Il y aurait encore tellement de remarques à faire sur ces généralités, comme le fait que le rock soit également vecteur d'une culture et de nombreuses sous-cultures et contre-cultures (mods, hippies, punks and so on) ou que, reprenant à son compte la tradition folk de la protest song, il soit associé ontologiquement à l'activisme politique et sociétal, tout comme il entretient un rapport étroit avec la rébellion de la jeunesse contre le consumérisme et la conformité sociale, morale et sexuelle. Et bien sûr, comment passer sous silence l'idée que le rock reflète également une mentalité, un état d'esprit alternatif ? La rock n' roll attitude est toute aussi importante que la musique qui l'accompagne, mais bien sûr, le wiki français n'y fait pas allusion.
À la lumière de cette escroquerie linguistique, on comprend mieux. On comprend mieux pourquoi la plupart des festivals - pas tous, heureusement - se complaisent dans des affiches sans queue ni tête. On comprend mieux pourquoi des manifestations exhibent crânement le terme rock dans leur patronyme tout en n’accordant au genre, ou à l’un de ses 165 sous-genres, qu’une part marginale de sa programmation. On comprend peut-être aussi mieux pourquoi le rock est à ce point délaissé par les auditeurs en France. Vous suivez très certainement la rubrique charts initiée par Etienne il y a déjà quelques mois de cela. Mais avez-vous jeté un oeil attentif à ses tableaux comparatifs entre pays ? Allez, quelques exemples. Catfish & The Bottlemen, groupe qui crée le buzz outre Manche : 1er des charts anglais, 7ième des charts américains, non classé en France. Gore, de Deftones : 1er aux US et au Royaume Uni, 17ième en France. Le White Album de Weezer, certes un phénomène typiquement amerloque : 4ième aux States, 28ième en Angleterre, 178ième en France. A Moon Shaped Pool de Radiohead : 4ième en Angleterre et aux States, 17ième en France. 17ième. Et on parle là d’un groupe majeur et reconnu mondialement… bien sûr, d’autres critères expliquent cette désaffection, qu’il serait bien trop long d’aborder ici - et qui feront d’ailleurs peut-être l’objet d’un prochain édito - mais quoi : n’en avez-vous pas assez que notre pays soit toujours parmi les plus mal lotis en matière de rock ? Et par extension, la manipulation sémantique exposée dans cet édito ne serait-elle pas le symptôme d'un malaise plus profond ?
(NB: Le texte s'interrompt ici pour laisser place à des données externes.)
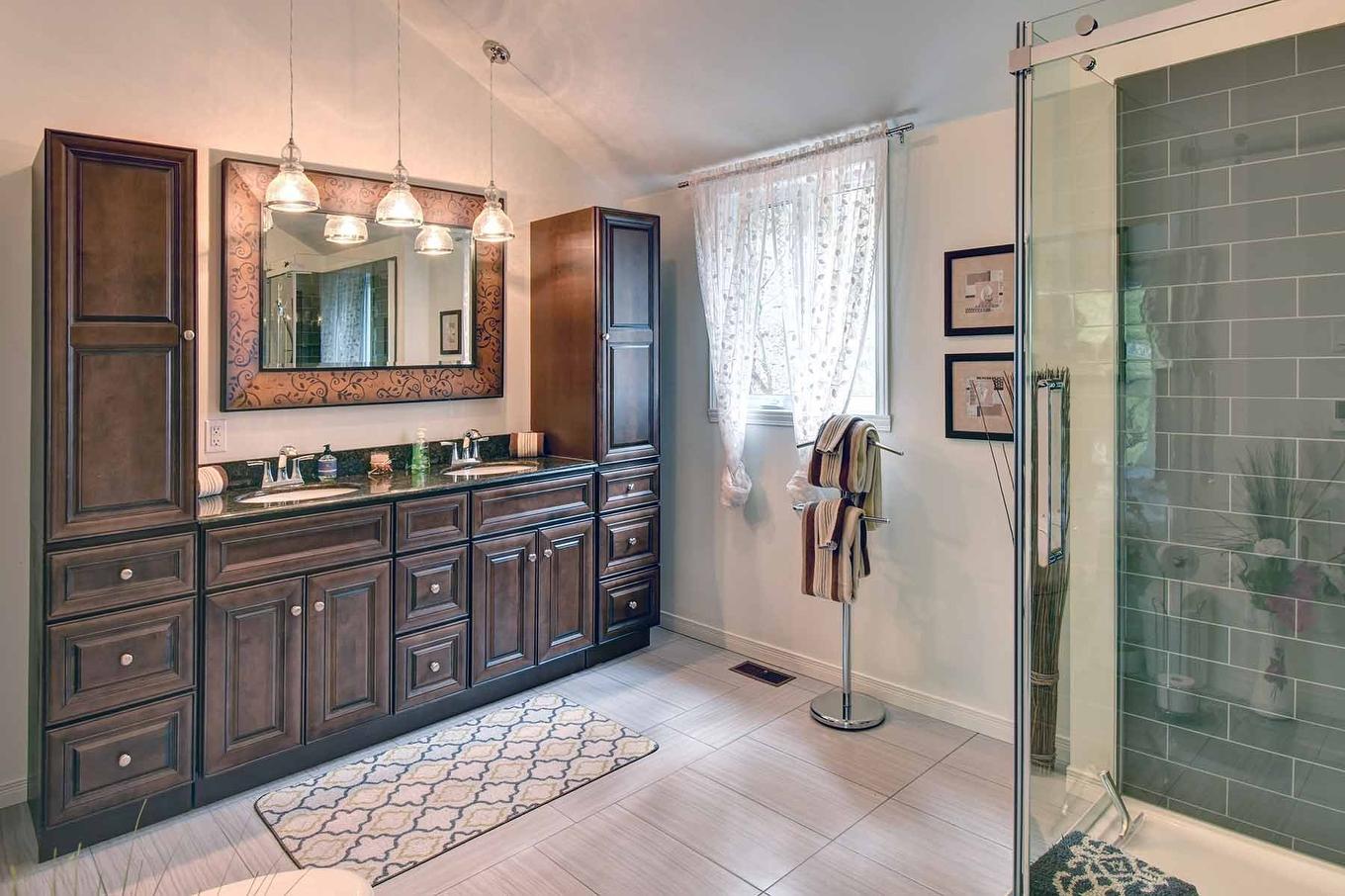 Ensuite bathroom - 133 Rue St-Jean, Mont-Tremblant, QC - Indoor Photo Showing Bathroom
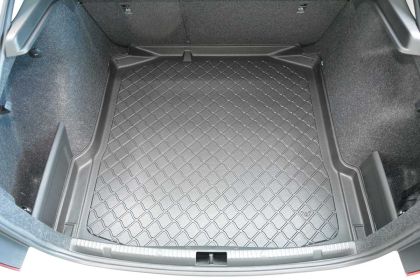 Гумирана стелка за багажник за Skoda Rapid (2012+) Hatchback 5d / Seat Toledo IV (2013+) Hatchback 5d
Il conviendra dès lors de reconquérir, non pas les radios ni les rayons des disquaires, non pas les charts ni les festivals, mais tout simplement le mot “rock”, ici attaqué dans ce qu’il a de plus foncier, de plus élémentaire. Il conviendra de faire cesser cette mascarade qui consiste à appeler un chat un chien et de redonner tout son sens à un genre déjà suffisamment riche en lui-même pour ne pas en plus qu’on le confonde avec tous les courants musicaux que le monde porte. Il conviendra de se battre pour qu’on arrête de prendre les auditeurs et les festivaliers pour les imbéciles qu’ils ne sont pas. C’est la mission que s’est fixée Albumrock depuis plus de dix ans, et il n’est pas question pour nous de baisser les bras. Quitte à passer pour une bande de conservateurs propageant des idées reçues.
Keep Rocking, et bons festivals à toutes et à tous.